Este es, a mi modo de ver, el conflicto originario que recorre, no siempre de manera explícita, los parajes de la poetización de Gutiérrez Vega. Aunque esta vez asociado al problema del poder, representado por la temible figura del césar-poeta, este conflicto es el que articula uno de sus textos más ambiciosos y abarcadores, los Cantos del Despotado de Morea. Así vemos esta reconstrucción histórica en la voz del rey que ha perdido Bizancio: “Estoy seguro de que nadie me recordará/ y esto significa que fui un Déspota eficiente,/ un político que cubrió su trecho de viaje/ y entregó la estafeta en buenas condiciones./ No tuve tiempo de ser feliz/ y así lo consigné en mis poemas más sinceros.”
Se habla desde el trono, pero también desde una incomodidad final, pues al rey lo aqueja la nostalgia de la figura insignificante del pastor. No el pastor de la Iglesia, al fin otro hombre de poder, sino el humilde campesino que conduce su rebaño de cabras por las peripecias del monte. Habla el señor que una vez fue todopoderoso: “Cierro los ojos y pienso en mis informes,/ en esos documentos que fueron mi historia/ y que ahora flotan despintados en el río del olvido./ Pienso en mis poemas más suntuosos y los siento vacíos/ como si fueran el producto de una floración artificiosa.” La conclusión de este razonamiento es la nostalgia pura: “Pido a Dios que me permita pasar inadvertido./ Si es así, me iré al Taigeto y me convertiré en pastor.”
Sic transit gloria mundi, podríamos añadir. Hugo Gutiérrez Vega, con una larga carrera diplomática, sabe de lo que habla.

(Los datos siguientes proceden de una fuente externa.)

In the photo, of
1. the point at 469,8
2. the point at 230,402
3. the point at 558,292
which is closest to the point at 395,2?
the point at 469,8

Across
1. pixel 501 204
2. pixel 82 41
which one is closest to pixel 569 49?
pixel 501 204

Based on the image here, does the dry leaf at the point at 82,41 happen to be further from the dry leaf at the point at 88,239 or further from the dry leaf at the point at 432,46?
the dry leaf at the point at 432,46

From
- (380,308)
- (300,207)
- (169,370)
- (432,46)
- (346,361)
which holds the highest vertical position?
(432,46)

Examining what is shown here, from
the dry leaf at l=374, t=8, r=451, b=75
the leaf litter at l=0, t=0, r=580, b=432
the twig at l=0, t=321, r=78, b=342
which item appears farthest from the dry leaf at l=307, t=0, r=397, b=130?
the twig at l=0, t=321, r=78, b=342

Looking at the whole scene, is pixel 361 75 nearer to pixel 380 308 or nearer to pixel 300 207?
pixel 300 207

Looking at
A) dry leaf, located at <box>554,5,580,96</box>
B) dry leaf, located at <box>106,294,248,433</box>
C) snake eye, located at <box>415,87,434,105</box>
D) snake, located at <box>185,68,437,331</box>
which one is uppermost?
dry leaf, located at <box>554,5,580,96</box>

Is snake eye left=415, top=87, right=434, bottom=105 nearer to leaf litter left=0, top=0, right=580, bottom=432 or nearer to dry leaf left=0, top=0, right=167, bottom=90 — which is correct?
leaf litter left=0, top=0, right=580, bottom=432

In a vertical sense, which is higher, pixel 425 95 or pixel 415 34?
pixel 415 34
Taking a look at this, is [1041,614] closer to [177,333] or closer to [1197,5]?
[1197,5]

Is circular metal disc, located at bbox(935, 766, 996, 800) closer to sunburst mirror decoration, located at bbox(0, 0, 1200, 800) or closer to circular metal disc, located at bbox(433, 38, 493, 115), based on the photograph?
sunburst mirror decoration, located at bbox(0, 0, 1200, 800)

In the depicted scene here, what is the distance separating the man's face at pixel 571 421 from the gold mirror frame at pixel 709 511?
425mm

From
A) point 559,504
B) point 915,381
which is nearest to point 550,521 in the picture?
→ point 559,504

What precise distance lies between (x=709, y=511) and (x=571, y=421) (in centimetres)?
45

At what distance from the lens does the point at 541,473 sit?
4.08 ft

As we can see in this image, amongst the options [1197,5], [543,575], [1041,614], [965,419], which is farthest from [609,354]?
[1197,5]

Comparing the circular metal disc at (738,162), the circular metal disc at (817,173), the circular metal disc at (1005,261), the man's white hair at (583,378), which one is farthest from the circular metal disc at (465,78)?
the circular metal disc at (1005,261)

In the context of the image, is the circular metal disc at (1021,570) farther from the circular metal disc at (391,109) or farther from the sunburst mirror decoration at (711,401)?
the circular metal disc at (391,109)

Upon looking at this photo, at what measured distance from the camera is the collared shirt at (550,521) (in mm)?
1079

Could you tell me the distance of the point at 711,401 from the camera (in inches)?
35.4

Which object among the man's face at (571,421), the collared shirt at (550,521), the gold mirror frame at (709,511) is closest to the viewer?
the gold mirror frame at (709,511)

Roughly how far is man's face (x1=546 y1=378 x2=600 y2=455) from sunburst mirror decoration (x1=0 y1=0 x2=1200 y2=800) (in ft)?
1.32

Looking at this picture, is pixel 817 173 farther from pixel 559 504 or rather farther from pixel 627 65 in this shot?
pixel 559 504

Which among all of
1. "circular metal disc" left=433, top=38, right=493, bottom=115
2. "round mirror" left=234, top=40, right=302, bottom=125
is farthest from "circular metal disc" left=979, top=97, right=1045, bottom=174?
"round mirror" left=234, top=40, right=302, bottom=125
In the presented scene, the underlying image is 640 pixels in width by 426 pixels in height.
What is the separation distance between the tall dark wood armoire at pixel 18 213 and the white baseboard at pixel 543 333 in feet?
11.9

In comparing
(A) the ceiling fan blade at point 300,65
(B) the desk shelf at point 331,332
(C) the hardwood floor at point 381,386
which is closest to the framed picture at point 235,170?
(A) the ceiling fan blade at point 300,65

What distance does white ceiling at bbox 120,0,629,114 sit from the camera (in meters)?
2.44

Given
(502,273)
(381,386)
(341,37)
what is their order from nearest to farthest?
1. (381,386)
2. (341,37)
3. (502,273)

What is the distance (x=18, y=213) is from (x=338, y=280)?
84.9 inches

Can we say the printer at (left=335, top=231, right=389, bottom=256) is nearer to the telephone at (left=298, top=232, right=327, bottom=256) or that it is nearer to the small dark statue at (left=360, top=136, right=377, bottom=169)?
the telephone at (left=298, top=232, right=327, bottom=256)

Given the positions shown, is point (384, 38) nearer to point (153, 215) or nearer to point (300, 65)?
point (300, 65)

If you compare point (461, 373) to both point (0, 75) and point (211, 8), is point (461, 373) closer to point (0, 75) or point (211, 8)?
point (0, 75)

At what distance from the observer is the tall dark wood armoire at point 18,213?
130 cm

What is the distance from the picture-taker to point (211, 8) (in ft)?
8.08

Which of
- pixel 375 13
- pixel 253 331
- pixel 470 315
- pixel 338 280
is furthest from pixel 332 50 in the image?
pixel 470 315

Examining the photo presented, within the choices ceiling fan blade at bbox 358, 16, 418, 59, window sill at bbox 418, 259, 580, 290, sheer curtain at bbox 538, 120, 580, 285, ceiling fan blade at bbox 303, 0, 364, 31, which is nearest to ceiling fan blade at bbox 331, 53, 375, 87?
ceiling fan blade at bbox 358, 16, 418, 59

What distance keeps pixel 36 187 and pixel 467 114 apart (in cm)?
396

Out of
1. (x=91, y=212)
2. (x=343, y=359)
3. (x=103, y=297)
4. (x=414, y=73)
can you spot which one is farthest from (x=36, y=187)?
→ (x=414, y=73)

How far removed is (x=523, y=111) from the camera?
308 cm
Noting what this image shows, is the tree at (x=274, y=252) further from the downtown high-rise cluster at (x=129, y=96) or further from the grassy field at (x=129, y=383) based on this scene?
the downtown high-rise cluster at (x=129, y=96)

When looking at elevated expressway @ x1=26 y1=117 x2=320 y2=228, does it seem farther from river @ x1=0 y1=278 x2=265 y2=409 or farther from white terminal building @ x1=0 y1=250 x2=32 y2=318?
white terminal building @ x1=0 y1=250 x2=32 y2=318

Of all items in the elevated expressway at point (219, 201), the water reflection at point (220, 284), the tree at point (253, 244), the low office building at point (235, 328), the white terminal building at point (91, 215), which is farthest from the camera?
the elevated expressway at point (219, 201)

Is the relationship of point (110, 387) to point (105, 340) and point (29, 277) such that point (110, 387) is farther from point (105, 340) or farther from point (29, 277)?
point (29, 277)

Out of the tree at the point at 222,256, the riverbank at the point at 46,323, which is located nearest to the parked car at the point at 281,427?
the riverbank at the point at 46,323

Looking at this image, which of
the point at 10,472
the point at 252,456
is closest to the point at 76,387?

Pero todo lo que sabe lo sabe mejor el poeta que alienta en su interior. Ahí mismo, en otra sección de su Canto del Despotado de Morea, vuelve a abordar el espinoso asunto del métier literario. ¿Cómo concibe a la poesía? ¿Cómo procede? ¿Qué es lo que le solicita al verso? Después de la suntuosidad bizantina, a la que acabo de referirme, se impone un regreso a lo riguroso, a la economía ática: “Me exijo claridad./ Nada me dice/ el turbio soliloquio.” En tres breves versos, la formulación de una ética. El poeta no es nadie si no está al servicio de la poesía, si no se vuelve un obediente fiel de lo que le dictan las palabras del hipotético poema, quiero decir, del poema que se está formando en él y que habla a través de él: “El poema, conjunto de palabras,/ no se cumple/ hasta que algo lo alienta./ ¿Y qué es ese algo?/ ¿de qué fuente secreta/ brota el agua/ que va a fertilizarlo?/ Todas estas preguntas palidecen/ cuando tomo el papel./ El poema solo/ se juega su aventura.”
Se equivocaba Vicente Huidobro: el poeta no es un pequeño dios. No es esa voluntad soberana que decide crear imágenes y metáforas insólitas con el fin de sorprender al atento auditorio. El poeta no es sino el sirviente fiel de las palabras. ¿Hacia dónde va el poema? ¿Qué es lo que se propone? El mismo poeta no lo sabe: Todas estas preguntas palidecen/ cuando tomo el papel. ¿Por qué? Porque más allá del poeta, y a través del poeta, que queda reducido a la función de un intermediario, de un intermediario sin voz, el poema solo/ se juega su aventura. La única y final soberanía, podría decirse, es la del lenguaje. Con esta hermosa lección de despojamiento quisiera terminar esta evocación de la poesía de Hugo Gutiérrez Vega.